------ Supplied entries

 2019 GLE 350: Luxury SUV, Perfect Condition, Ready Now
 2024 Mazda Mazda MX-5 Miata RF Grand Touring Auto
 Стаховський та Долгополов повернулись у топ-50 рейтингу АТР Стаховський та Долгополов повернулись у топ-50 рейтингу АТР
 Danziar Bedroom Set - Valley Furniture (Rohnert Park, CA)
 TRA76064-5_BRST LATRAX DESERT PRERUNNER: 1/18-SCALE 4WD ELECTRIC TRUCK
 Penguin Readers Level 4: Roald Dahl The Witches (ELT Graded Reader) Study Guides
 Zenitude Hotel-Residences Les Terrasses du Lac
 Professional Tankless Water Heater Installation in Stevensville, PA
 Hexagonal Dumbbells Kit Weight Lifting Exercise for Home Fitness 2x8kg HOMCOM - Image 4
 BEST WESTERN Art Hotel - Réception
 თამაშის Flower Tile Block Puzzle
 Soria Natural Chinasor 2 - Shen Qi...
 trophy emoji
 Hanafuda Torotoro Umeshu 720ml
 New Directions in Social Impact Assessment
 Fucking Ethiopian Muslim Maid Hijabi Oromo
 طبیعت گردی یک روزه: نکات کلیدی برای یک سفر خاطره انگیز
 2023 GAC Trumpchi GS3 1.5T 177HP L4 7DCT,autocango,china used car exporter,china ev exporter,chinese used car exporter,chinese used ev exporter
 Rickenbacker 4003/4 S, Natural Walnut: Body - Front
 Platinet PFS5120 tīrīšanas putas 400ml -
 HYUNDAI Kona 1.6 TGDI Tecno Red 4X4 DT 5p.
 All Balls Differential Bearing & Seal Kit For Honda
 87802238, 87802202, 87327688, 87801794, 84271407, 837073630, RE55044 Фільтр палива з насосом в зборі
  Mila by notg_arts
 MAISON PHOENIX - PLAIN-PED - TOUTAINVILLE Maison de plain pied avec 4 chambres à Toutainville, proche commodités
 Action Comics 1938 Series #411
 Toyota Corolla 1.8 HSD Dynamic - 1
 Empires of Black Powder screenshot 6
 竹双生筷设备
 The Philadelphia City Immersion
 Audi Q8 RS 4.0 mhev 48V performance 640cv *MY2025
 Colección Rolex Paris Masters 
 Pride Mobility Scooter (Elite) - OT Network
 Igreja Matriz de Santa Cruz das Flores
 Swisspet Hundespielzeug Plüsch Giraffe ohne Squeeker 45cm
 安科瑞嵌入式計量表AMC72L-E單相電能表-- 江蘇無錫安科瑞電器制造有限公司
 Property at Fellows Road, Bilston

------------

Scan the material above. Copy each line that holds the word "Natural".

 Soria Natural Chinasor 2 - Shen Qi...
 Rickenbacker 4003/4 S, Natural Walnut: Body - Front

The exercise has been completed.